▸ Supplied records:
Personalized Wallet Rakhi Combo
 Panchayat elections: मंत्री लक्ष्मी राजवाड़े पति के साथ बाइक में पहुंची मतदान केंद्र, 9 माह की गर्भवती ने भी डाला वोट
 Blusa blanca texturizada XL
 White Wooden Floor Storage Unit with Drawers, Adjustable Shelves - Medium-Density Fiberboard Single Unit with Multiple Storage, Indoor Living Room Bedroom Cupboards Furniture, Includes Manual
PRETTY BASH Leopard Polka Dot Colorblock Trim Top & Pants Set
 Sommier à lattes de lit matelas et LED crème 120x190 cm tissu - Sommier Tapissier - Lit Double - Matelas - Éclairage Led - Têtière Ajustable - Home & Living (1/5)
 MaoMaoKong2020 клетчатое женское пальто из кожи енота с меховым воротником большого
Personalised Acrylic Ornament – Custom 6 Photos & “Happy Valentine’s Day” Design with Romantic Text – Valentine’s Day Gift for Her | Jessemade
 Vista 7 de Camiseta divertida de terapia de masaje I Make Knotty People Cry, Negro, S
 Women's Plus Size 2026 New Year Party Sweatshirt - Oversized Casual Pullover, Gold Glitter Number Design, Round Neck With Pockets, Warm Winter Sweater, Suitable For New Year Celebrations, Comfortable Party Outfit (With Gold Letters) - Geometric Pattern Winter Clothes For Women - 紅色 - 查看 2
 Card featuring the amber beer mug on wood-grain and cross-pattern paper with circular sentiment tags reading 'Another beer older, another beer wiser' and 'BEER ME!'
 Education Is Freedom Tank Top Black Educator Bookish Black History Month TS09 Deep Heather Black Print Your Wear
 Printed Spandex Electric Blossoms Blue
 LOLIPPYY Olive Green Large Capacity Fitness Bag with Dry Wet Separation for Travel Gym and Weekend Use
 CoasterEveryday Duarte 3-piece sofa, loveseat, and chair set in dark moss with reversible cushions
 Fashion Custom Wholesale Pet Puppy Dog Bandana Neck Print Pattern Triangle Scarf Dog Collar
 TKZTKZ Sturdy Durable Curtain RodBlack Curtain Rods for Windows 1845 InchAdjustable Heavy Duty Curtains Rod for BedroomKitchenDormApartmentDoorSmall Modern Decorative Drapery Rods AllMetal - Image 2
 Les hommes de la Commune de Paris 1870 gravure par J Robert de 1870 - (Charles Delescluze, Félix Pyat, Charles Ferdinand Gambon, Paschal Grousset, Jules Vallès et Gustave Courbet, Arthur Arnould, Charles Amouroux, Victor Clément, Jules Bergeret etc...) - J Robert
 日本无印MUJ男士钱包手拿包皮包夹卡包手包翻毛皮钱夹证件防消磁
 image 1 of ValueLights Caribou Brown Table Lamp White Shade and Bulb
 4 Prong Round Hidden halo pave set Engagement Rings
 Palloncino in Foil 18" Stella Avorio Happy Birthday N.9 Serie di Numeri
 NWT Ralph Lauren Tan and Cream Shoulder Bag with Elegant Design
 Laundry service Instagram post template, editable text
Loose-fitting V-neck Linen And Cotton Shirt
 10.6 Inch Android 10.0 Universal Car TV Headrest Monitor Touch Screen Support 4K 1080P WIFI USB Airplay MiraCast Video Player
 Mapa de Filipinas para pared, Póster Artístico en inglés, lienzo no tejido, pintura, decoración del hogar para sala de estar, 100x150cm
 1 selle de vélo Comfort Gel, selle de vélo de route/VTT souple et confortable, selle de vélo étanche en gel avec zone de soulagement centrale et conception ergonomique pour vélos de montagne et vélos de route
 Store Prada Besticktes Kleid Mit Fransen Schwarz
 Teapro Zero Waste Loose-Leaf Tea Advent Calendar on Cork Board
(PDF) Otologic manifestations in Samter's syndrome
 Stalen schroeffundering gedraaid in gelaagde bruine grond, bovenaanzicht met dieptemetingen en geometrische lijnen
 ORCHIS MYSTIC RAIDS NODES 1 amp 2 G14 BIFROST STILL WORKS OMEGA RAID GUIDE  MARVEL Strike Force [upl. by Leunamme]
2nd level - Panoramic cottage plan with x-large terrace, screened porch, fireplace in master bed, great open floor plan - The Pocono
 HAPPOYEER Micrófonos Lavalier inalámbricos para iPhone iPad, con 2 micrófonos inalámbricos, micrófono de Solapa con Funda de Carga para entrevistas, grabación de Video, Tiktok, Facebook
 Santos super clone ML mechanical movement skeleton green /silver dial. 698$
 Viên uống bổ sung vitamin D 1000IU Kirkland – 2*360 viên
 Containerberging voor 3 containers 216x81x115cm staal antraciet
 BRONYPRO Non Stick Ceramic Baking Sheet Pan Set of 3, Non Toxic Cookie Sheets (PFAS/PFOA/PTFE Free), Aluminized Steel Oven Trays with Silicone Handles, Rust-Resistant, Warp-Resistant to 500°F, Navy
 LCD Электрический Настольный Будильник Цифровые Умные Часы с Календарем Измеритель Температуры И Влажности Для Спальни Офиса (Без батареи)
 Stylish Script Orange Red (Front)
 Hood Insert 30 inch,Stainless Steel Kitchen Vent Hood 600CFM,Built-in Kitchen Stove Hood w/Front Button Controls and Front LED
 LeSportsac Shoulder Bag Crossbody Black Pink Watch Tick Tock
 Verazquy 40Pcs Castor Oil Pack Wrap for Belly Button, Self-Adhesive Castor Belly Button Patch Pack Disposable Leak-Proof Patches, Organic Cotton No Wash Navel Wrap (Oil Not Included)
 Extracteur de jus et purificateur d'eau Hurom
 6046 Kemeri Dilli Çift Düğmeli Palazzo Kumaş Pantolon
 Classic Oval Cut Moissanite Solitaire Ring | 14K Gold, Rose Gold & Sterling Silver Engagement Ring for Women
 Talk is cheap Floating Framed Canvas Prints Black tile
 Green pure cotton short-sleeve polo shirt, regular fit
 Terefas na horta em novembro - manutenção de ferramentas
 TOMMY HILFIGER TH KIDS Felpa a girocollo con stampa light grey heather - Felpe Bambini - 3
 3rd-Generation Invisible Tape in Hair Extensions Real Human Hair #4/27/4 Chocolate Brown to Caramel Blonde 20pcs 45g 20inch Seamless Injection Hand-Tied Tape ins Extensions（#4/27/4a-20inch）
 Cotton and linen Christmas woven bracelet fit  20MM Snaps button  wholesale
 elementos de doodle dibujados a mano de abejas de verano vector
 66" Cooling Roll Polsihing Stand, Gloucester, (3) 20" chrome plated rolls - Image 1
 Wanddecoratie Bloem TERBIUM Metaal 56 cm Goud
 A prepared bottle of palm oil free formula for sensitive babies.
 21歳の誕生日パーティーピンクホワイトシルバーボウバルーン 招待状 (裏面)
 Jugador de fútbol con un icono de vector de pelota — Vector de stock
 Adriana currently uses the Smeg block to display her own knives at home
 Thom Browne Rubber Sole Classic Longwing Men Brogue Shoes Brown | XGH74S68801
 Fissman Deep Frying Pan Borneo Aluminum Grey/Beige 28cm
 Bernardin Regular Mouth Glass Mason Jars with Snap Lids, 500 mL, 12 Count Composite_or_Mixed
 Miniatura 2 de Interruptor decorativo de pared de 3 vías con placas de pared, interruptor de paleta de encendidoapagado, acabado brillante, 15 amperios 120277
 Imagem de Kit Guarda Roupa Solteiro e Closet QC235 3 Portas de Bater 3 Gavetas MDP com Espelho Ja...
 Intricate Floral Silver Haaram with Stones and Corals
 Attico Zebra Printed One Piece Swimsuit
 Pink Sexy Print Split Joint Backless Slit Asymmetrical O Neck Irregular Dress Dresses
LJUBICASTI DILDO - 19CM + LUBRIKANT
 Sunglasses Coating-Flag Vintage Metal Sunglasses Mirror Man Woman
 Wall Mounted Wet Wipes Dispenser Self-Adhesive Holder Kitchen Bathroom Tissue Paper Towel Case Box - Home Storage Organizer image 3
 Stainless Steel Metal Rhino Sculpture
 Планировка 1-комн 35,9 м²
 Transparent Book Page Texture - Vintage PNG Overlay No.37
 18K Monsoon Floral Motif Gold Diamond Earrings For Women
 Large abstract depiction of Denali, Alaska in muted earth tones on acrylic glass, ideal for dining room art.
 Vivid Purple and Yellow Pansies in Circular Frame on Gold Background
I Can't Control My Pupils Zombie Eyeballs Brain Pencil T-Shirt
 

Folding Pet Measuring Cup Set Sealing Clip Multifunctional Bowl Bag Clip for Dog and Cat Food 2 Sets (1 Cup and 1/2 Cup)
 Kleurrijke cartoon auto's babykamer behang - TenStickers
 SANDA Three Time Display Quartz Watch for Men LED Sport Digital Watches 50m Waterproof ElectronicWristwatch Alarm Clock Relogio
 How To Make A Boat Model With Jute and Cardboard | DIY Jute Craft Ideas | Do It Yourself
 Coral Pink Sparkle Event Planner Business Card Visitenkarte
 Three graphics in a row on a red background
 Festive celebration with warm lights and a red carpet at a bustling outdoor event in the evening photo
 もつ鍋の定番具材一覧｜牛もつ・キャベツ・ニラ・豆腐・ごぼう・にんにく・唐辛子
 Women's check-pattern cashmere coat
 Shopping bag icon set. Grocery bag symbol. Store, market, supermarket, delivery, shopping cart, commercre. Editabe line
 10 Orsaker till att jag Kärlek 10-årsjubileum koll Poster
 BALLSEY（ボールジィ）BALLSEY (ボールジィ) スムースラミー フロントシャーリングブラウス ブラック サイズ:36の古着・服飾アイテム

▸ Task objective:
Would you copy, unchanged, the stretch of the records above that begins at the line containing "Pink Sexy Print" and ends at the line containing "I Can't Control", and only that?

▸ Result of this exercise:
 Pink Sexy Print Split Joint Backless Slit Asymmetrical O Neck Irregular Dress Dresses
LJUBICASTI DILDO - 19CM + LUBRIKANT
 Sunglasses Coating-Flag Vintage Metal Sunglasses Mirror Man Woman
 Wall Mounted Wet Wipes Dispenser Self-Adhesive Holder Kitchen Bathroom Tissue Paper Towel Case Box - Home Storage Organizer image 3
 Stainless Steel Metal Rhino Sculpture
 Планировка 1-комн 35,9 м²
 Transparent Book Page Texture - Vintage PNG Overlay No.37
 18K Monsoon Floral Motif Gold Diamond Earrings For Women
 Large abstract depiction of Denali, Alaska in muted earth tones on acrylic glass, ideal for dining room art.
 Vivid Purple and Yellow Pansies in Circular Frame on Gold Background
I Can't Control My Pupils Zombie Eyeballs Brain Pencil T-Shirt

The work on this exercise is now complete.